Action item ▸ Among the entries below, find the line with "Image No.25-Maison de" and the line with "Puccinia graminis". Return exactly those lines and every line between them, but no pictures.

The records ▸
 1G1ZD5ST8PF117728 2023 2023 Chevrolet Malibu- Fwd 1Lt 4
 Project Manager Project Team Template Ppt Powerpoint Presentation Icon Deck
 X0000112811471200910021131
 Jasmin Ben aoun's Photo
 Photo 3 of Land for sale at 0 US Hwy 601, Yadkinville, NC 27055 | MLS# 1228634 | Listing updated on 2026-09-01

--

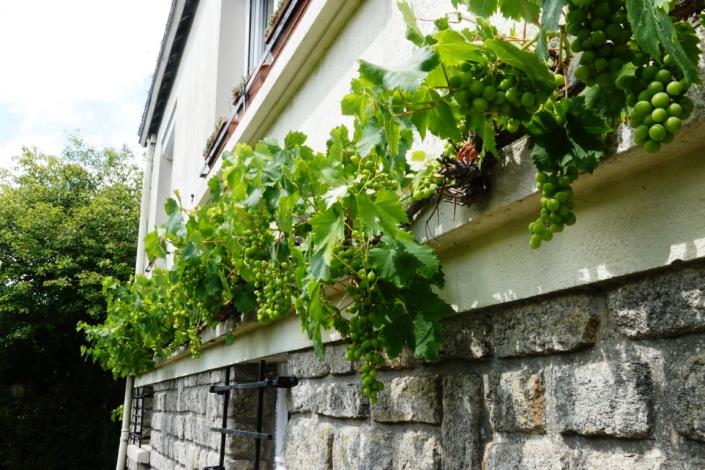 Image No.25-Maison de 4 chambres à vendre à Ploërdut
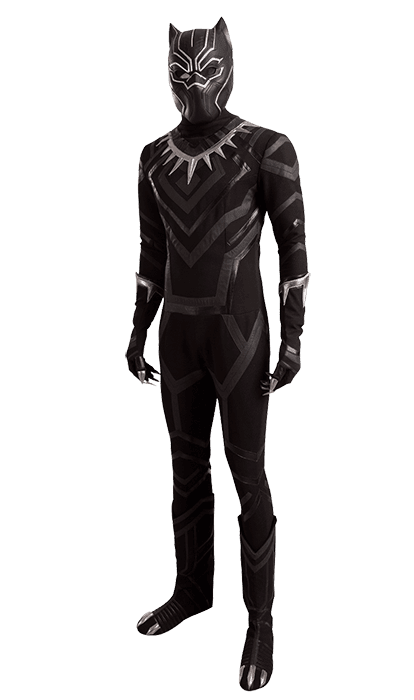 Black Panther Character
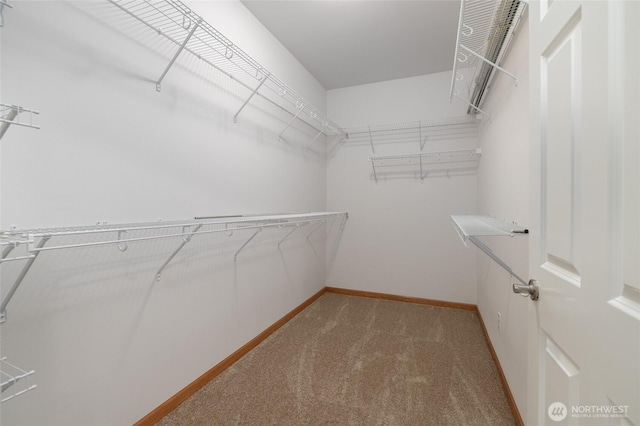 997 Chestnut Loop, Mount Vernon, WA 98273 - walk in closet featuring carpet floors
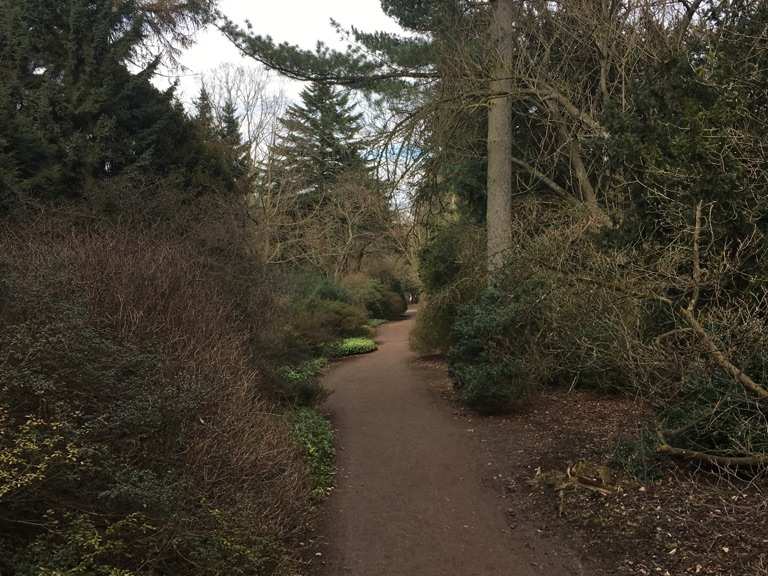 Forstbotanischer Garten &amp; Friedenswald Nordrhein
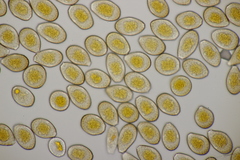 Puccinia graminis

Exercise result ▸
 Image No.25-Maison de 4 chambres à vendre à Ploërdut
 Black Panther Character
 997 Chestnut Loop, Mount Vernon, WA 98273 - walk in closet featuring carpet floors
 Forstbotanischer Garten &amp; Friedenswald Nordrhein
 Puccinia graminis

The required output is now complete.